IT IS mocked now for being as much part of the Christmas festival as a silly hat and mince pie.

But who does not still feel a chill in the soul when the lone voice in the mission house replies to the mighty horde of chanting Zulus with, “Men of Harlech stop your dreaming, can’t you see their spear points gleaming? See their warrior pennants streaming to this battlefield...”?

Moments before that, Ivor Emmanuel, smiling and brave, spoke for all the chapels in all the smoke-dust valleys, when he said to Stanley Baker: “They’ve got a very good bass section, mind, but no top tenor, that’s for sure.”

Of course, it’s not true. Emmanuel wrote new words to suit the occasion. Yet that moment in Zulu is one of the most moving in the history of cinema.
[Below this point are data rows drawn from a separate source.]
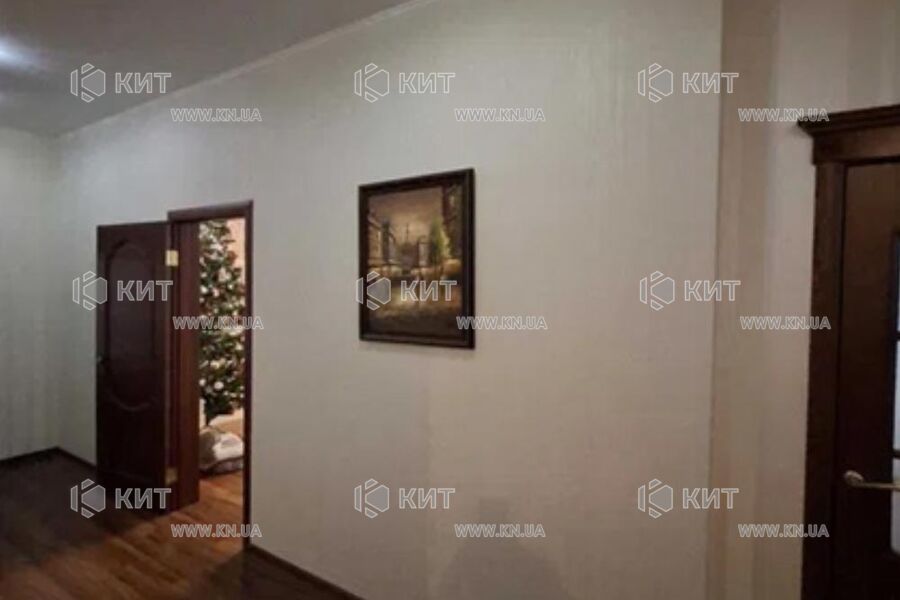 Продаж квартири Харків, Павлове Поле, 130м²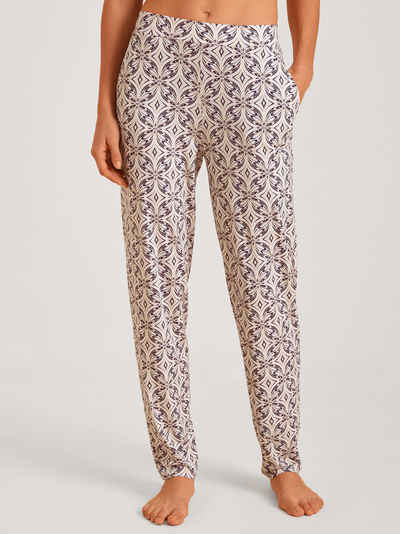 CALIDA Pyjamahose Favourites (1-tlg)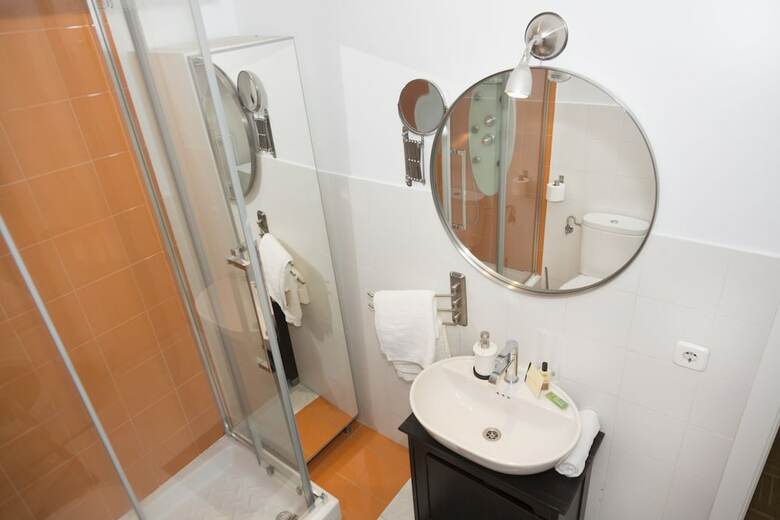 Apartamento Oshun Gran Via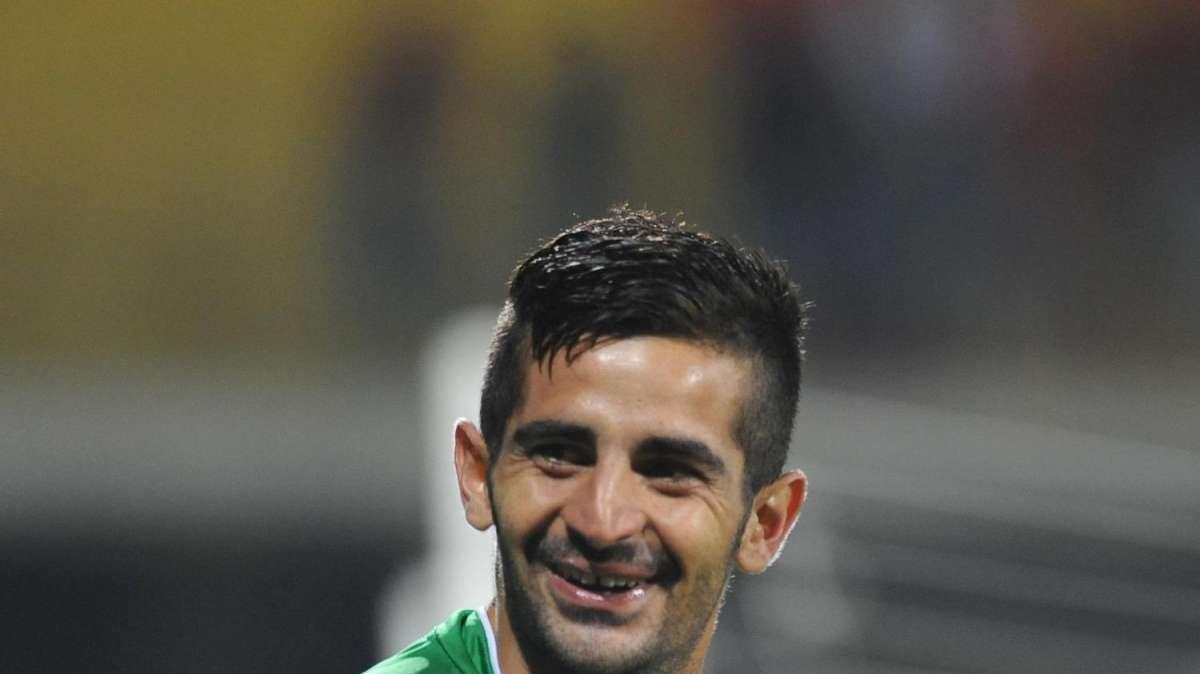 Ufficiale: Emanuele Catania al Sorrento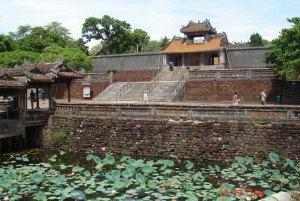 Hue City Full-Day Tour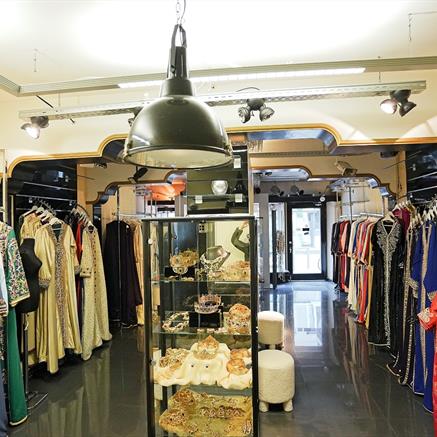 Handelspand Te koop Antwerpen (2060)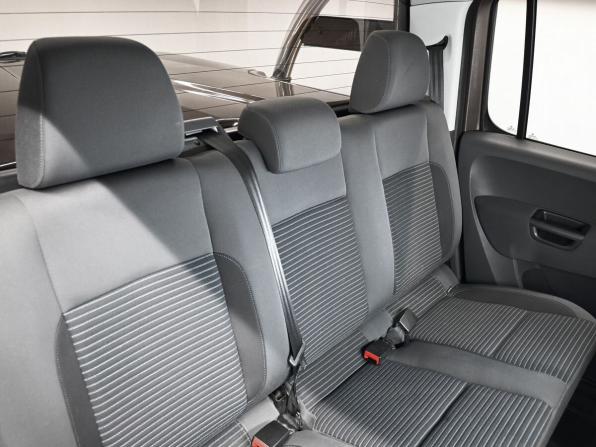 Volkswagen Amarok I с пробегом 2013 года, цена 1 945 000 рублей, 213406 км, offers.body_type.unknown, Автокод Объявления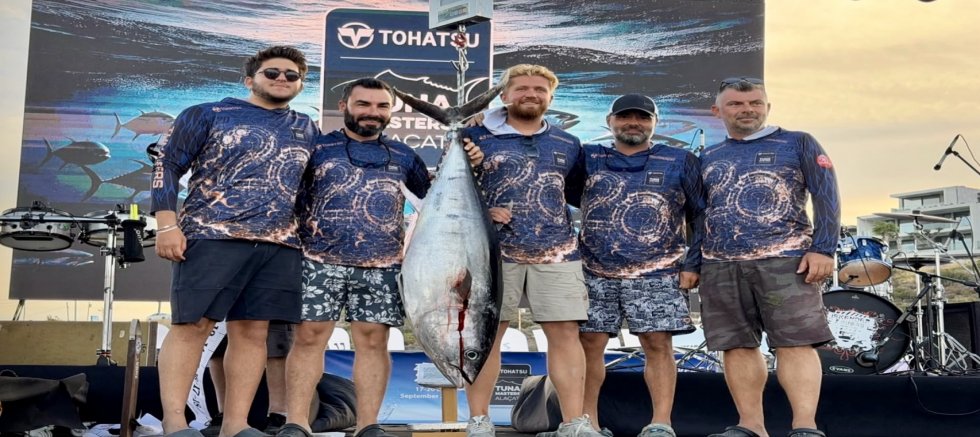 Alaçatı’da 20 bin dolarlık büyük yarış: 57 tekne denize açıldı!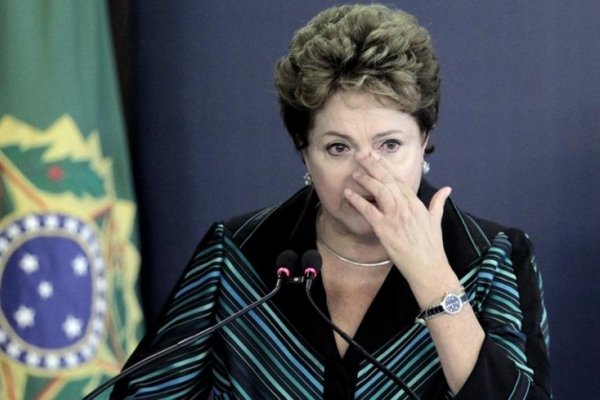 Cuál será el panorama de Dilma Rousseff en caso de ser suspendida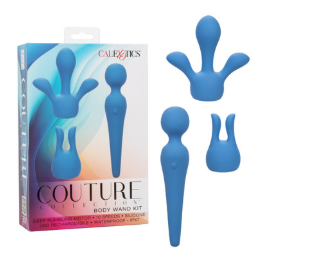 Couture Collection™ Body Wand Kit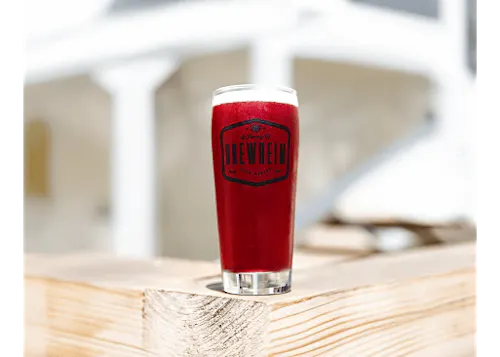 Brewheim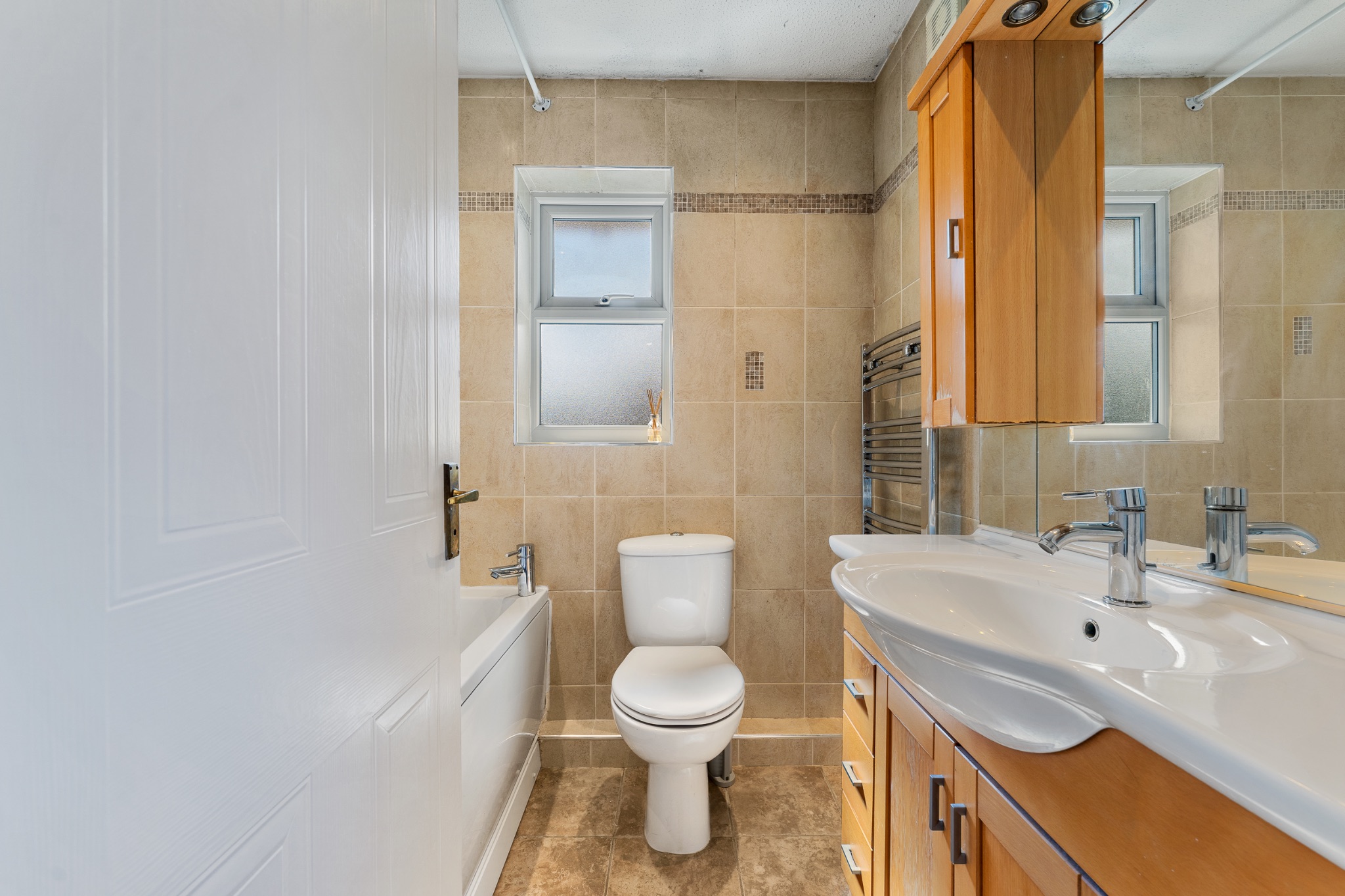 3 bedroom semi-detached house For Sale in Bolton - Photograph 11.
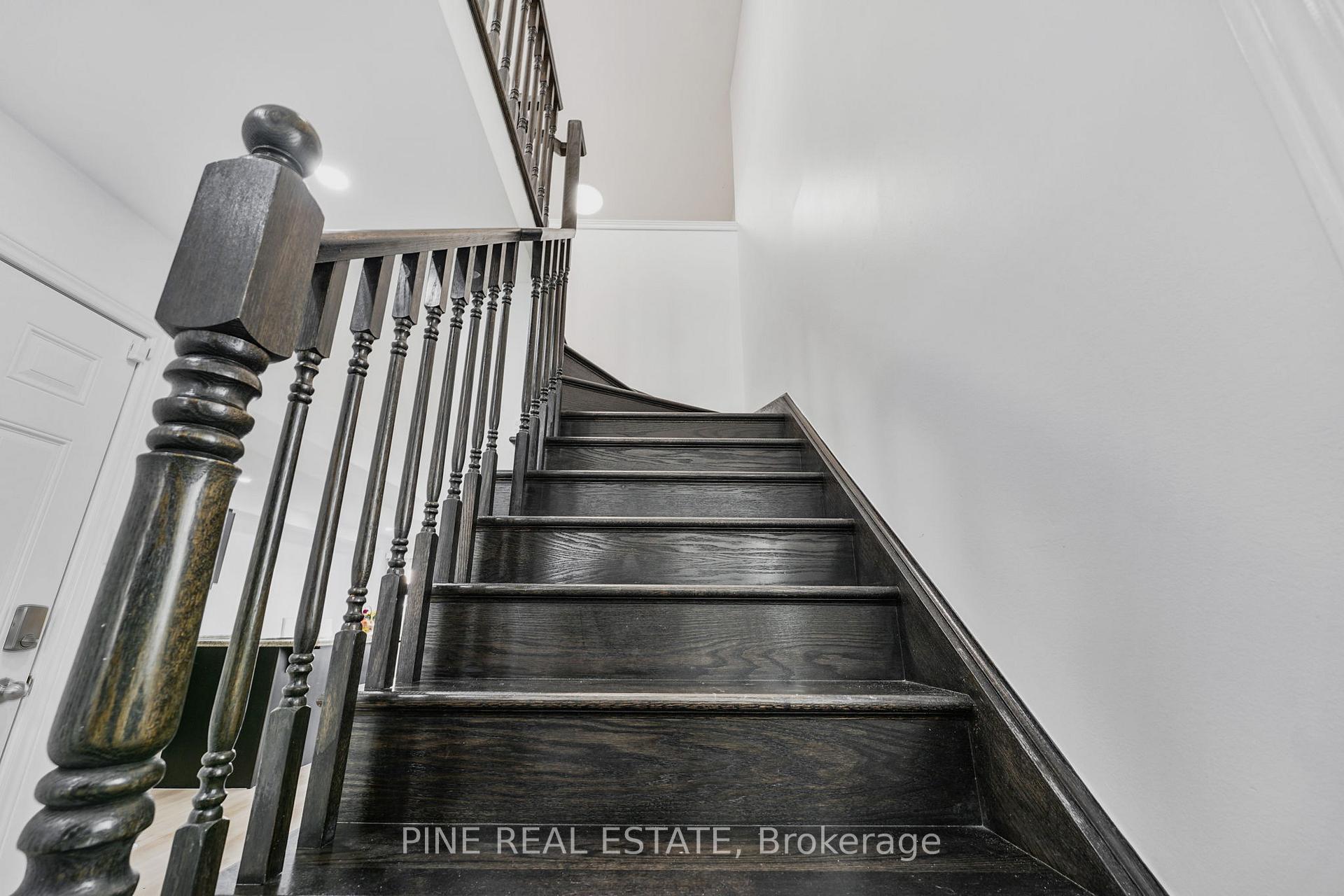 Photo 61 of 45 Waterbridge Street, Hamilton, Stoney Creek Mountain — HOMEH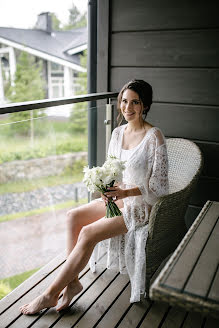 Wedding photographer Yuliya Isupova (juliaisupova). Photo of 16 September 2020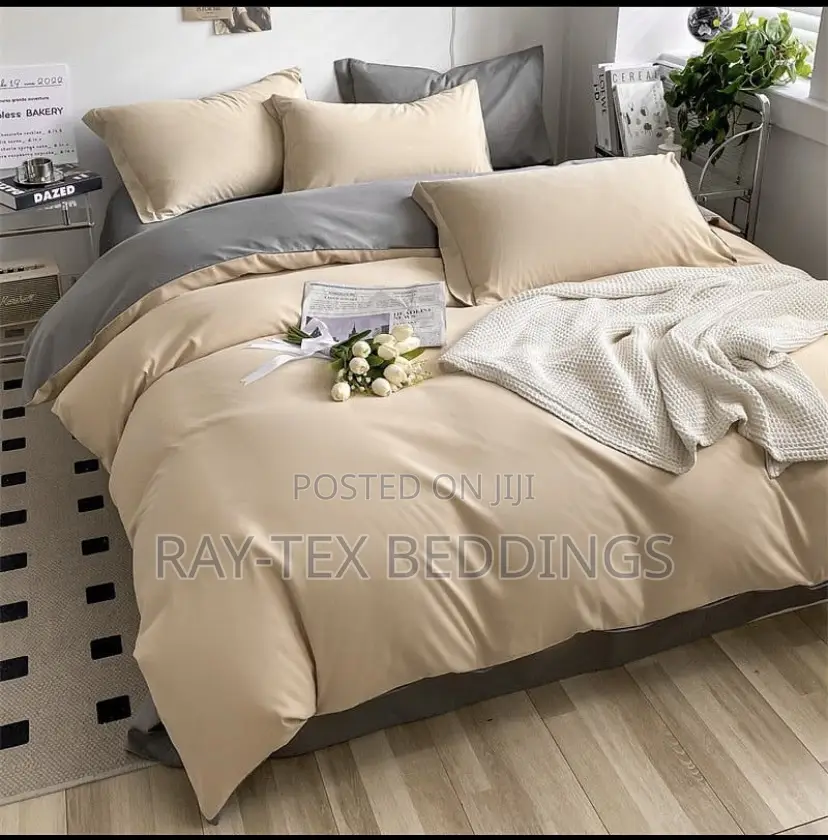 Complete Bedding Set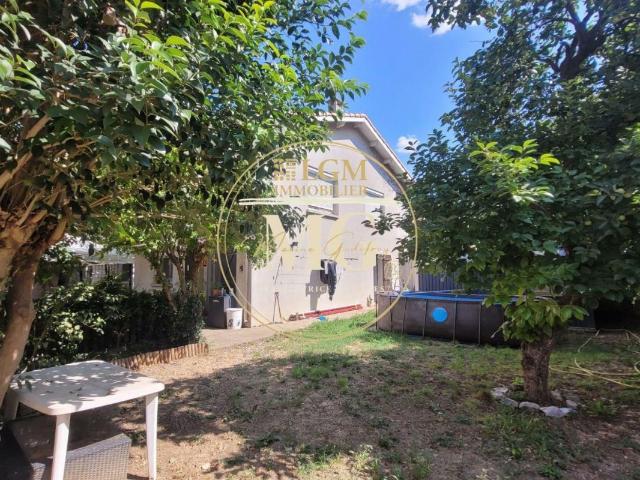 Appartement vente à Montpellier, Mauguio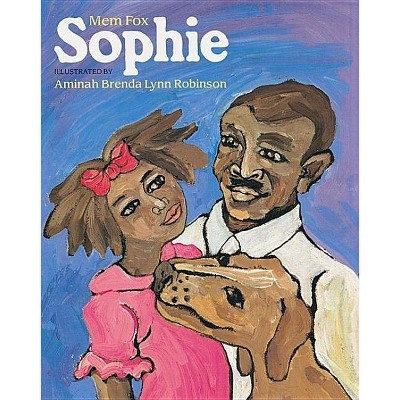 Sophie - by  Mem Fox (Paperback)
Emmanuel was brought up in Pontrhydyfen, a mining village near Port Talbot. Once his voice had broken, it was obvious that the boy was a fine tenor/baritone, but, like most of the others, he was destined to walk the worn path to the mine, where he dug underground.

But in 1941, one of our planes accidentally dropped a bomb on his village while chasing the Luftwaffe after a raid on Swansea. Young Ivor lost both parents, his grandfather and two-year-old sister, and he moved in with his Aunt Flossie

The tragedy left him bereft and he would take a wind-up gramophone to the hills, where he listened to the singing of Enrico Caruso. But he had a fine voice himself, as was heard in the Talbot Male Voice Choir.

However, he failed an audition with the D’Oyly Carte Opera Company and sought solace in a London pub with his old friend Richard Burton, who had been born in the village a year before him.

A couple of weeks later, Burton advised him to audition for Oklahoma! in Drury Lane. Emmanuel got the part.

From then on his career was a great success, with appearances on most of the big American musicals, TV appearances and summer seasons.

His records sold in substantial quantities and could always be found in those shops which sold Welsh ladies, wool rugs and bara brith (speckled bread).

Emmanuel married three times and had three children. He retired to Spain in the 1980s.

Ivor Emmanuel, singer, born November 7, 1927; died July 20, 2007.